With its proposal of 12 July 2006 for an EU regulation on mobile roaming in the internal market, the European Commission seeks to reduce by up to 70% the charges consumers currently have to pay for using their mobile phone abroad.

To achieve this, price ceilings are set both at wholesale and at retail level to ensure that mobile roaming charges are not unjustifiably higher than those incurred by domestic mobile phone use. Below these ceilings, competition should take place for the most attractive roaming packages.

The EU roaming regulation also will enhance price transparency. It obliges mobile service providers to give personalized information on retail roaming charges to their roaming customers – on request and free of charge. Moreover, a customer subscribing to an operator will be able to receive detailed information on roaming and operators will have to keep the subscriber informed periodically on roaming charges.

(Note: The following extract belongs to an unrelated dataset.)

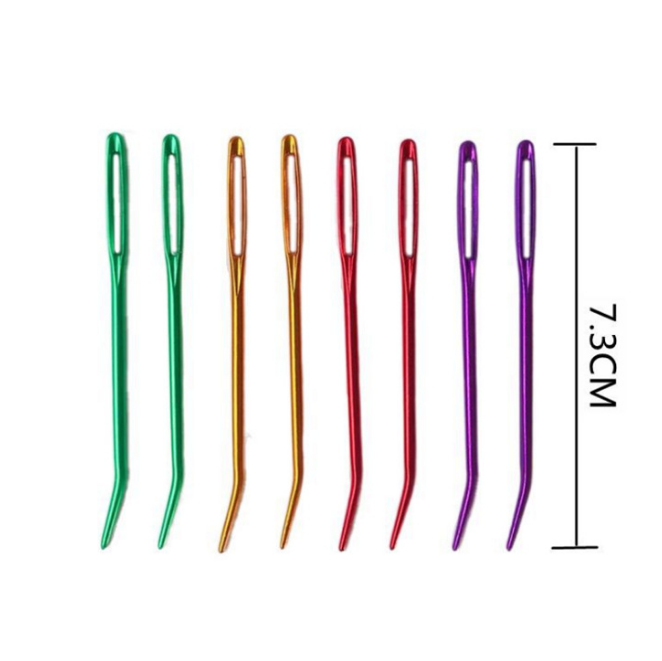 手工铝合金大眼针弯针  毛衣缝合针 大眼毛线弯针 弯头铝毛衣针,淘宝优惠券,粉丝福利购,淘宝优惠卷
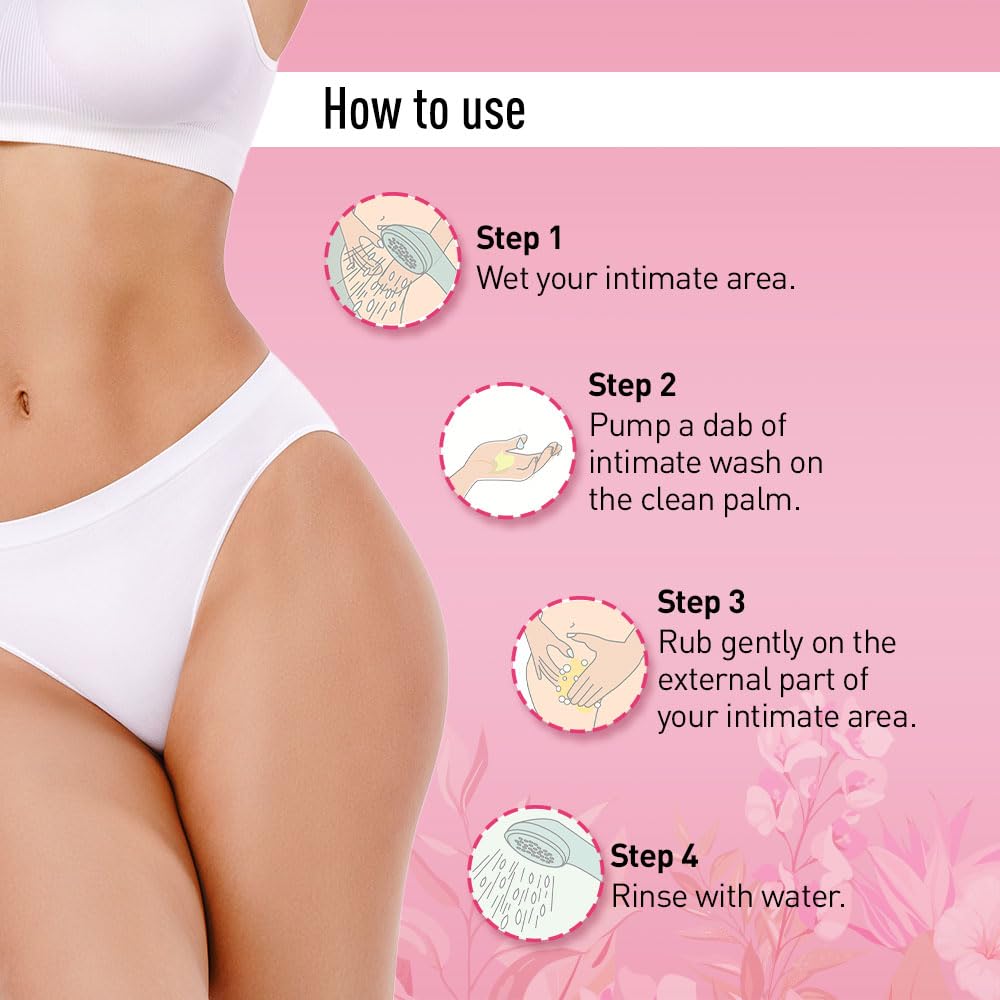 Sirona Natural Refreshing Feminine Wash - 6.7 Fl Oz (200 ml) | No Chemical, No Irritation, pH Balanced Intimate Sirona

The regulation includes short message services (SMS) and Multimedia Message Services (MMS) in their scope, but caps the roaming prices only for voice services. It requires national regulators to monitor developments in the prices of roamed SMS and data services closely. 

The Commission calls on mobile operators to demonstrate very clearly, in the upcoming weeks their willingness to voluntarily reduce the very high roaming charges for SMS and data roaming. Such a step would make it possible to avoid that also these charges need to be regulated.

The Commission is confident that the European Parliament and Council can reach an agreement in the first reading on the EU Roaming Regulation before the summer. Of course, to achieve this, further close cooperation between Parliament and Council will be necessary.